Was würde jetzt passieren?
Es würde wohl unter die ernsthafteste Verletzungskategorie fallen. Wir würden vor den Cas ziehen und die schärfste Strafe beantragen.
Welche ist das?
Es gibt eine Spanne. Das reicht bis zum Ausschluss von Großveranstaltungen. Der Cas entscheidet dann, und die Entscheidung muss von allen respektiert werden.
Von allen Verbänden und dem IOC?
Richtig. Alle haben dem zugestimmt, vergangenen November. Das ist ein großer Schritt. Was die Compliance angeht, haben wir jetzt den Kreis geschlossen. Wir haben ein gutes Programm, ein unabhängiges Compliance-Review-Komitee und die Regeln, was Konsequenzen angeht. Wir sind viel besser ausgestattet als vor vier Jahren.
Ist es durch das neue Compliance-System möglich, ganze Sportverbände zu sperren, Sportarten also zum Beispiel von Olympischen Spielen auszuschließen?
Potentiell ja, wenn es um Probleme mit dem sportlichen Wettbewerb geht.
Wenn ein Verband sein Anti-Doping-Programm schleifen lässt oder es nur auf dem Papier existiert, kann eine Sportart ausgeschlossen werden?
Normalerweise müsste die non-compliance gemäß der Olympischen Charta heute schon Konsequenzen haben.
Hat sie aber so gut wie nie.
Ja. Und jetzt wird die Entscheidung von einem unabhängigen Gremium getroffen…

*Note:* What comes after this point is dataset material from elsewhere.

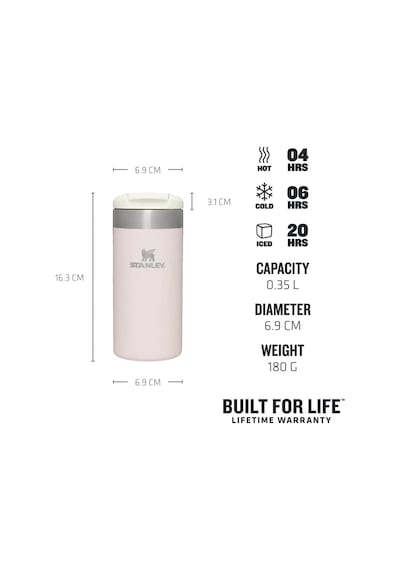 Stanley The Aerolight Transit Termos Bardak 0.35 Lt - 12 Oz Rose Quartz Metallic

Da haben wir die IAAF gefragt: Was macht ihr mit diesen Blutpässen? Was ist da los? Wir haben nicht verstanden, warum sie nichts machen. Es war unvorstellbar für uns, dass die IAAF das Problem war. Wir dachten, sie hätten zu viele Fälle, zu viel Arbeit. Würden wir heute so etwas sehen, könnten wir eine Buchprüfung oder eine Ermittlung auslösen.